Crossref members already provide reference information for Registered Content, for example article to article citations. This falls under the 'traditional scholarship' category and is outside the scope of Event Data. If the Publisher has made it open, this data is available via the Deposit system (available via the Crossref REST API).

"Webpages" represent a wide variety of things, including members' sites. In order to avoid accidentally collecting 'traditional' reference information, all Crossref Event Data Agents avoid websites that belong to our members. We maintain a list of domains that the Event Data Bot will not visit because we know they belong to Publishers. This exclusion is done on a best-effort basis.

We also exclude other webpages that we believe are part of databases, library systems etc. As we monitor a potentially limitless set of websites, this with is done with heuristics on a best-effort basis.

Sources and Agents

Event Data is a hub for the collection and distribution of a variety of Events and contains data from a selection of Sources. Every Event is produced by an Agent operated by Crossref, DataCite or one of our partners. The Agent is responsible for connecting to an external Data Source and turning the data into Events. In some cases, the Agent is passing data directly through and in other cases the Agent has to do some work to extract the Event.

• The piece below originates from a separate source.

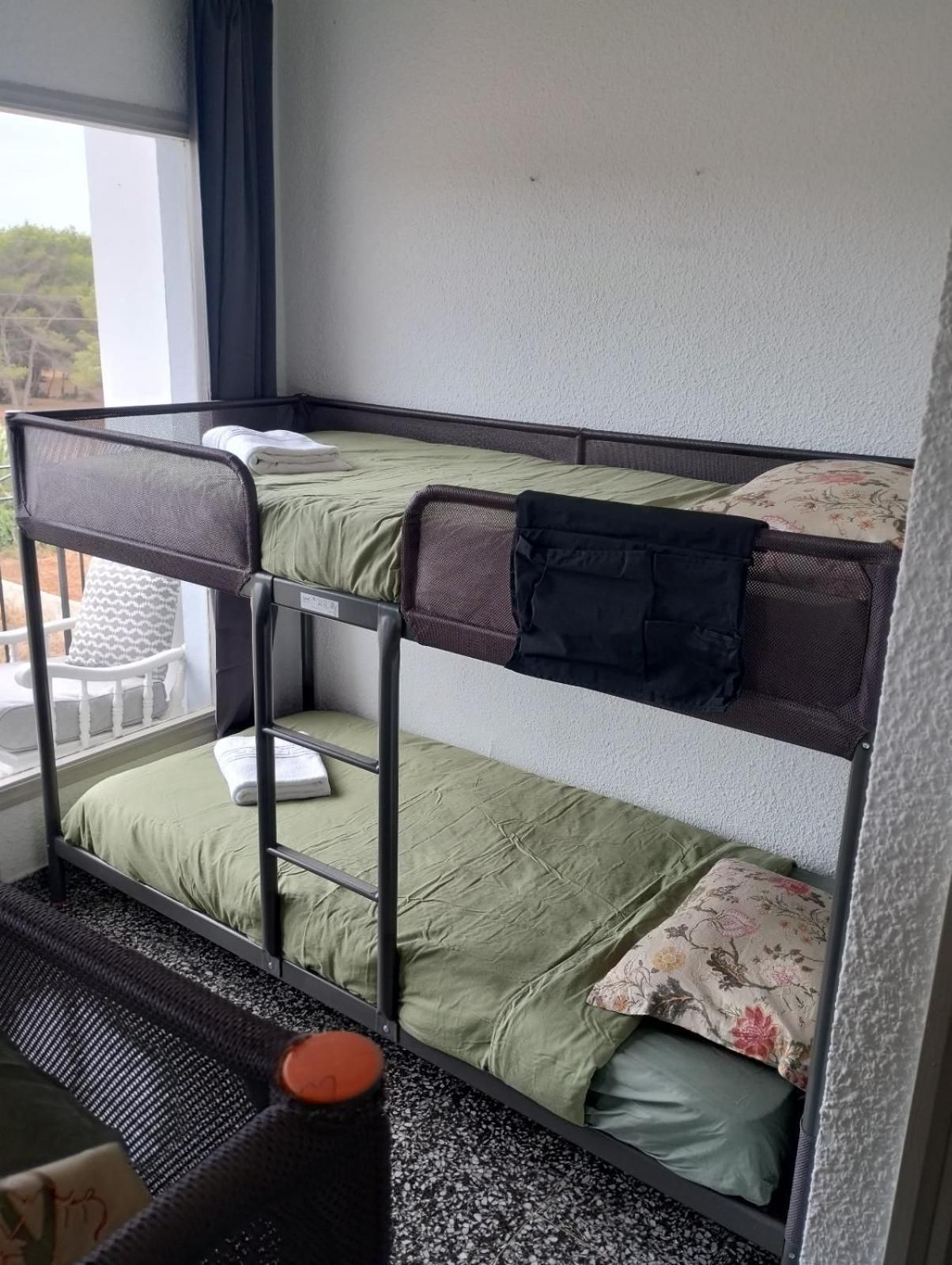 Bunk Bed in Mixed Dormitory Room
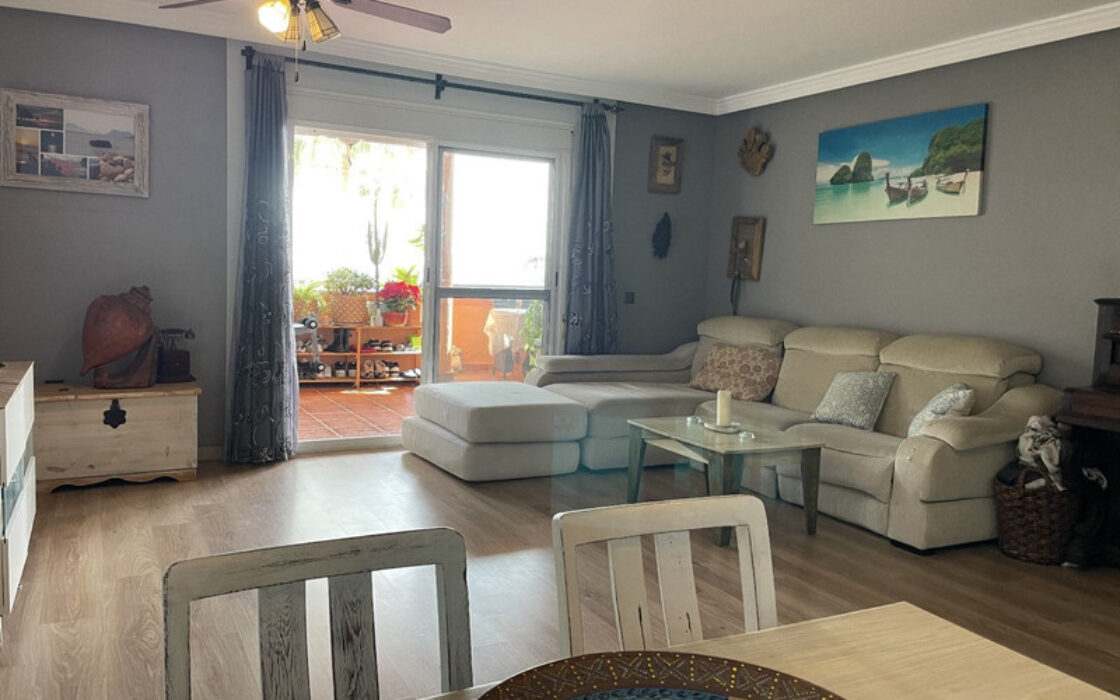 Квартира в Эстепоне, 3 спальни, терраса 126 кв.м.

All of the Agents that Crossref operate attempt to co-operate to prevent the same webpage being visited by two Agents so that they make exactly the same observation. Nonetheless you may find that a (subject, relation, object) triple may occur in more than one source. For example, a blog post that's captured by the Wordpress.com agent might also be included in an RSS feed monitored by the Newsfeed agent, and might also be captured by the Web agent. In this case there might be three Events that have the same blog url subject and DOI object. You will need to interpret this kind of data, for example by de-duplicating duplicates, or by treating duplicates as extra corroboration.

For detailed discussion of each Agent, see its corresponding page.

Name Source Identifier Operated by What does it contain?
Crossref links crossref Crossref Dataset citations from Crossref Items to DataCite Items
DataCite links datacite DataCite Dataset citations from DataCite Items to Crossref Items
Hypothes.is hypothesis Crossref
Newsfeed newsfeed Crossref Links to Items on blogs and websites with syndication feeds
Reddit reddit Crossref Mentions and discussions of Items on Reddit
Reddit Links reddit-links Crossref Mentions in pages shared on Reddit.
StackExchange stackexchange Crossref
Twitter twitter Crossref Links to Items on Twitter
Web web Crossref Links of Items on web pages
Wikipedia wikipedia Crossref References of Items on Wikipedia
Wordpress.com wordpressdotcom Crossref References of Items on Wordpress.com blogs

Every Data Source exists for a different reason, and therefore provides a different style of data. Every Agent operates slightly differently, according to its source. When you consume Events you should be mindful of the source they came from and the Agent that processed them.